1

Given a txt file, how can I use grep to find the line that contains at least 5 times a same vowel using regular expression?

I tried:

egrep '[aeiou]{5,}\1' file

but it does not work.

Alan Moore
  • 68,531
  • 11
  • 88
  • 149
Amber
  • 113
  • 1
  • 6
  • 1
    Do you want to find the **line** that contains at least 5 times a same vowel or find **words** with at least 5 times a same vowel? – Cyrus Feb 12 '16 at 18:01

3 Answers3

2

For a test file that looks like this

aeiou
a1a2a3a4a5
e1e2e3e4e5
aaa

where we want to match the second and third line, you can use

$ grep -E '([aeiou]).*(\1.*){4}' infile 
a1a2a3a4a5
e1e2e3e4e5

This matches and captures any one vowel, then looks for four times the same vowel, padded with optional characters.

Benjamin W.
  • 33,075
  • 16
  • 78
  • 86
1

With GNU grep:

To find words with at least 5 times the same vowel:

grep -Eo '\b\w*((a\w*){5,}|(e\w*){5,}|(i\w*){5,}|(o\w*){5,}|(u\w*){5,})\b' file

See: The Stack Overflow Regular Expressions FAQ

Community
  • 1
  • 1
Cyrus
  • 69,405
  • 13
  • 65
  • 117
1

One idea is to match for a vowel followed by anything and expect this pattern at least 5 times.
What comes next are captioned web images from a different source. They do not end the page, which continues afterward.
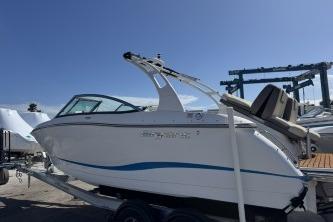 2019 Bryant Calandra 23 boat on trailer under clear blue sky.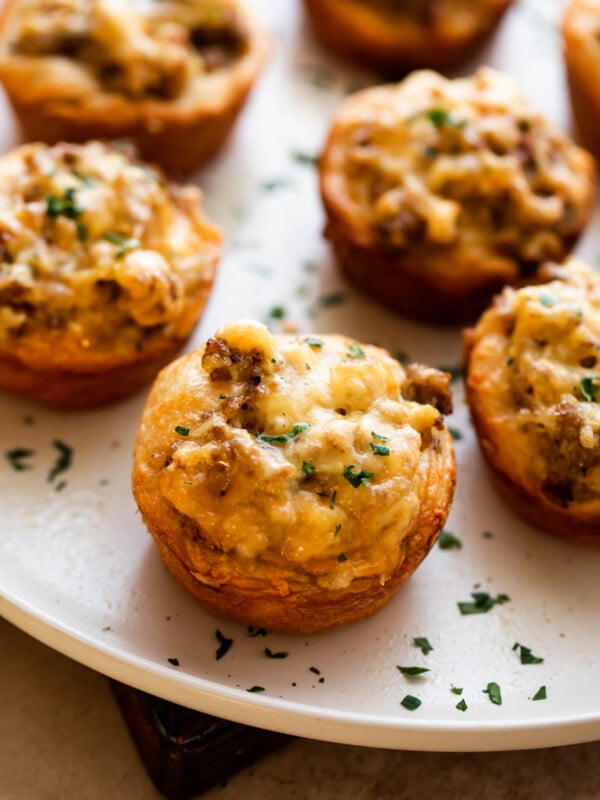 sausage breakfast cups arranged on a light plate and garnished with chopped parsley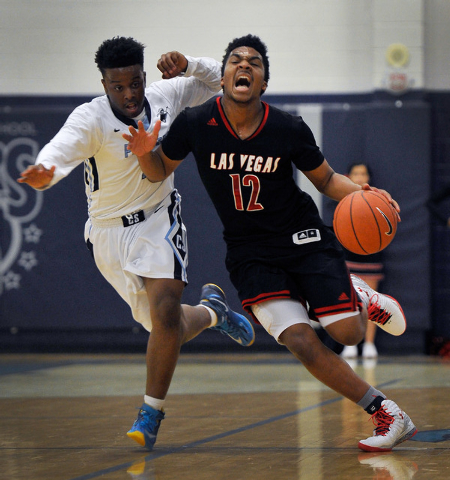 Las Vegas’ Devon Colley (12) brings the ball down court against Canyon Springs’ ...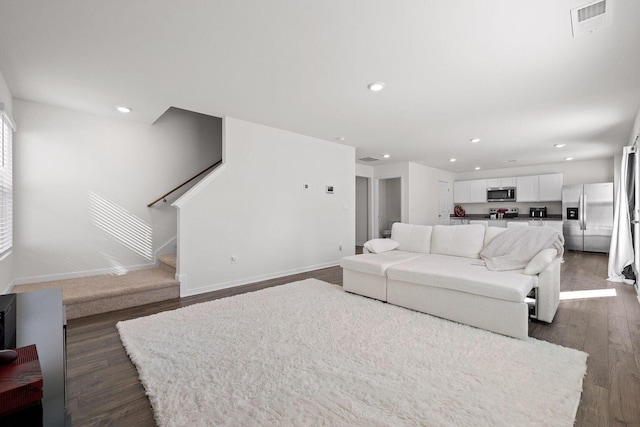 living room featuring recessed lighting, dark wood-style flooring, visible vents, baseboards, and stairway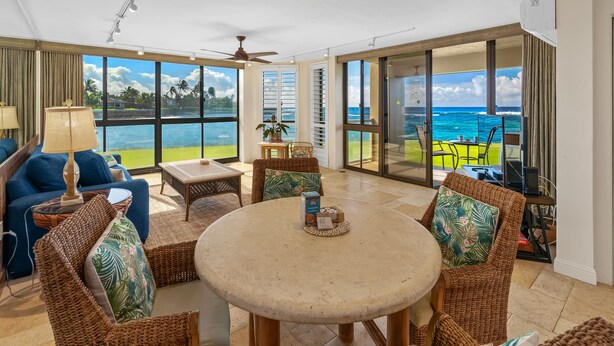 A spacious living area with a large window overlooking the ocean, furnished with wicker chairs, a round table, and a blue sofa. - Kuhio Shores Oceanfront Corner Unit (Koloa)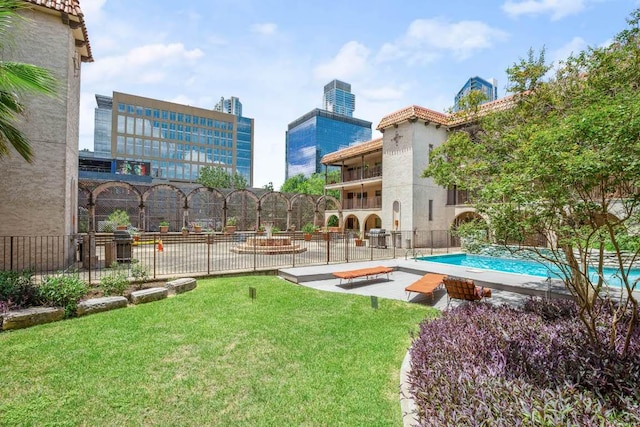 exterior space with a yard, fence, and a fenced in pool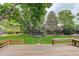 Inviting backyard with a wooden deck, bench seating, mature trees and landscaping at 10883 Otis Cir, Westminster, CO 80020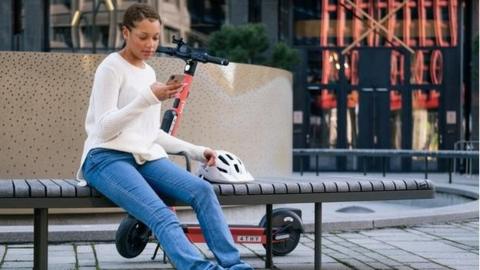 Woman sitting on a bench next to an e-scooter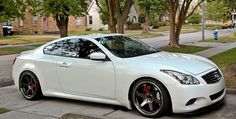 a white sports car parked on the street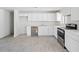 Modern kitchen with new stainless steel appliances and bright white cabinetry at 2609 N 65Th Dr, Phoenix, AZ 85035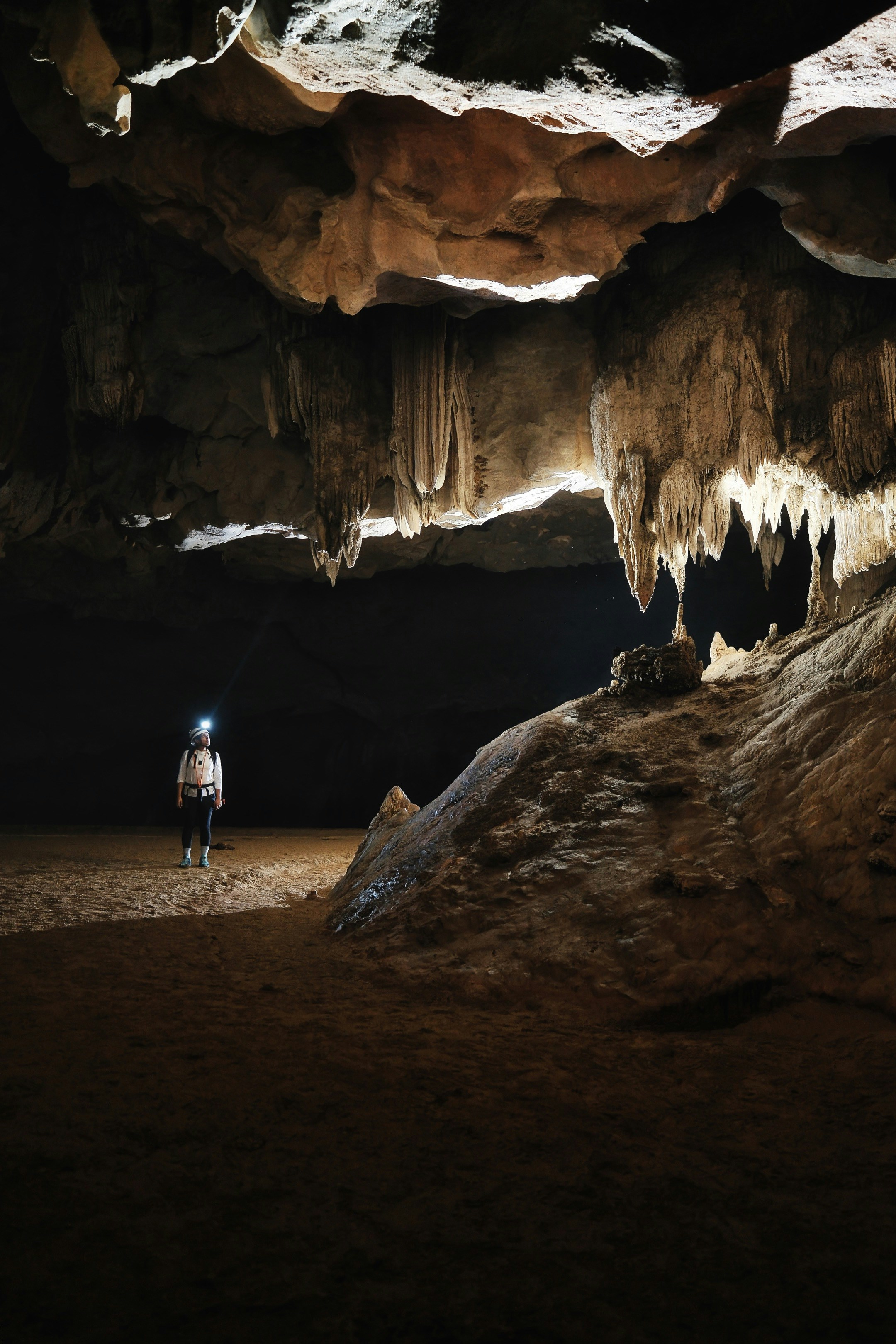 A person with a headlamp in a large cave with hanging limestone stalactites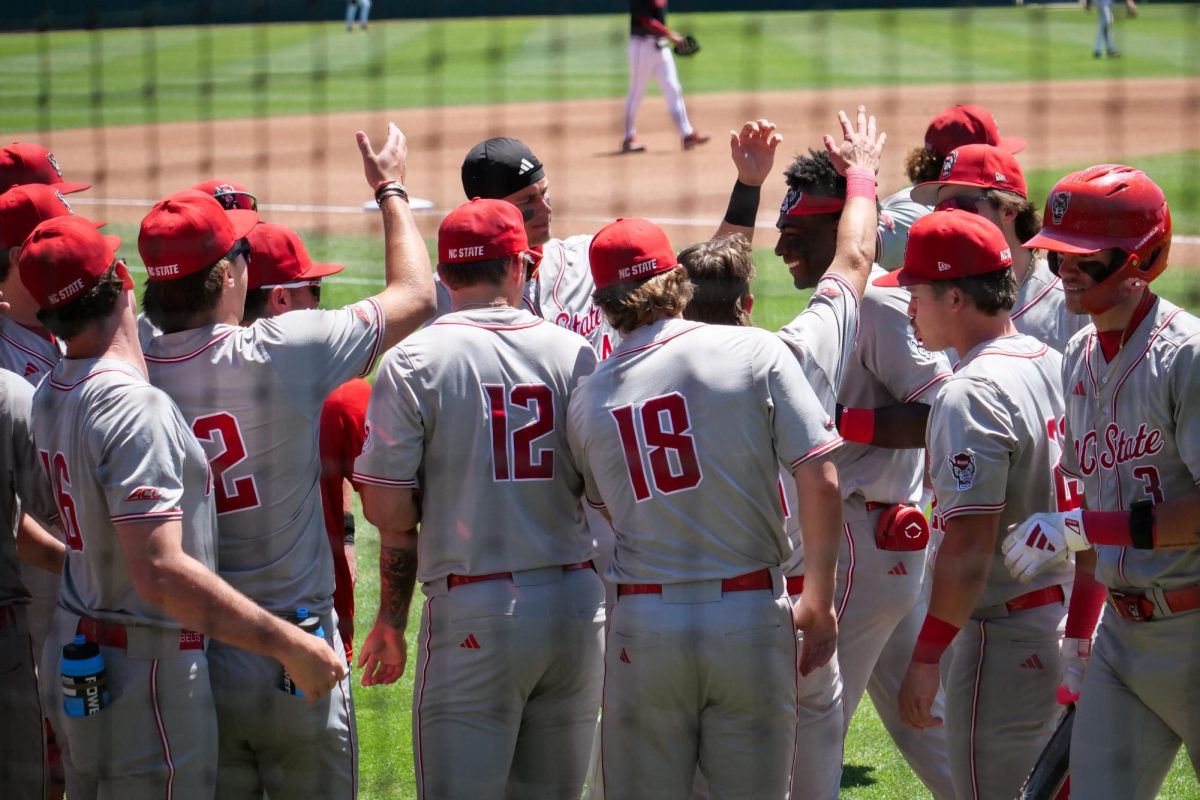 The dugout congratulates junior infielder Sherman Johnson after hitting a homerun during the game against Stanford at Klein Field at Sunken Diamond on Sunday, May 10, 2026. Johnson recorded two RBIs in the game. The Cardinal defeated the Wolfpack by a score of 9-5.
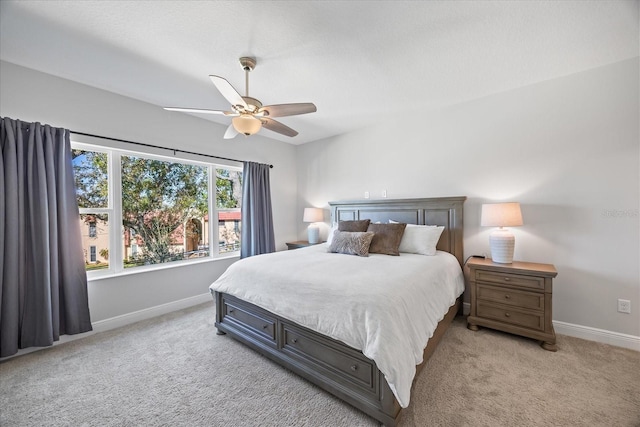 bedroom with light colored carpet, ceiling fan, and baseboards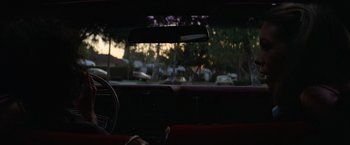 Movie still from “Halloween” (1978), directed by John Carpenter – A view from inside a car looking out the window; Wide shot, Low angle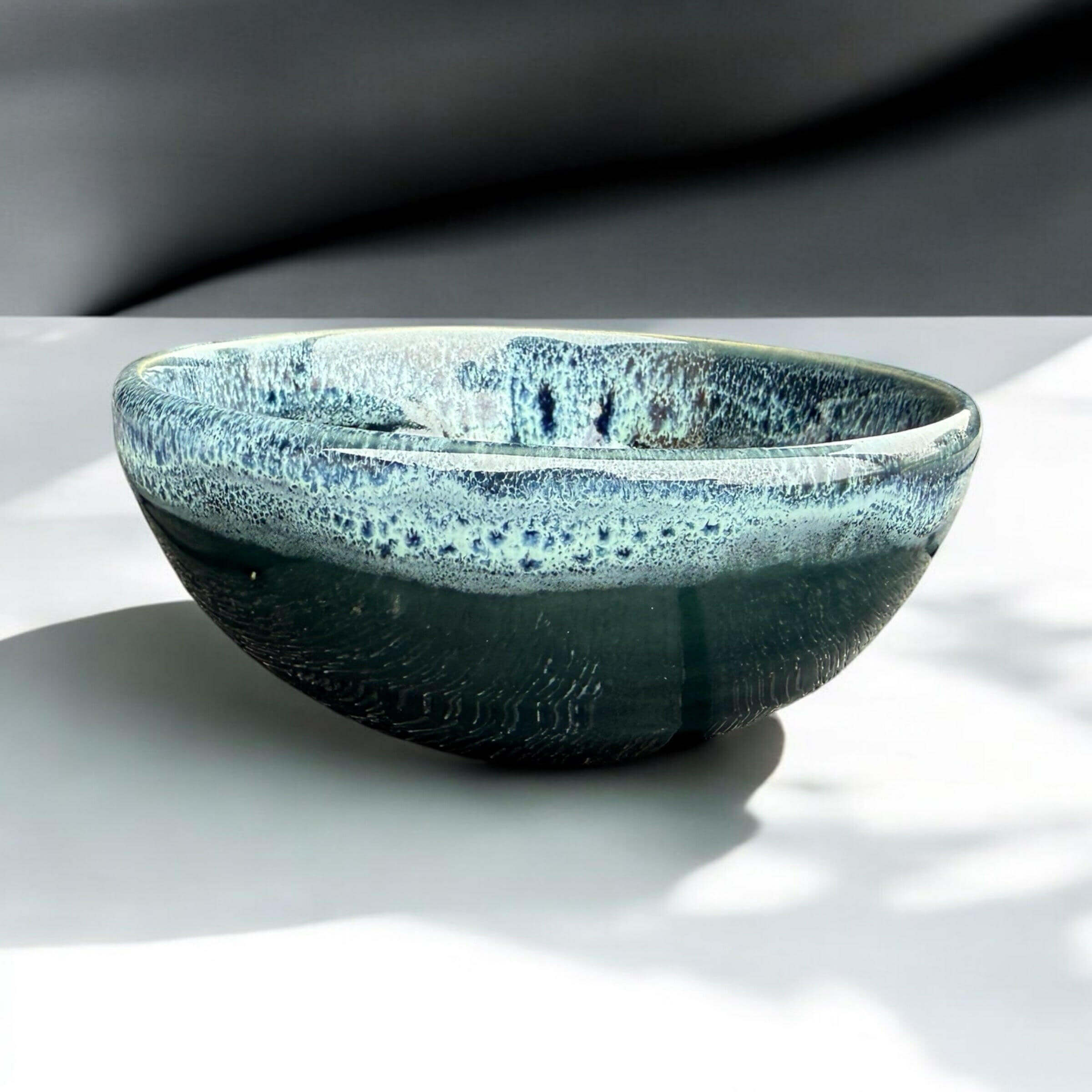 Handmade ceramic bowl with deep blue-green glaze and unique texture, perfect for serving or decoration.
So, for a alone, that would be:

egrep '(a.*){5,}' $FILE

Repeat that for each vowel using the | character, like:

egrep '(a.*){5,}|(e.*){5,} <and so on>' $FILE

There might be a better solution, for example compacting all those pipes (|), but I cannot think of any right now.

fanton
  • 720
  • 5
  • 18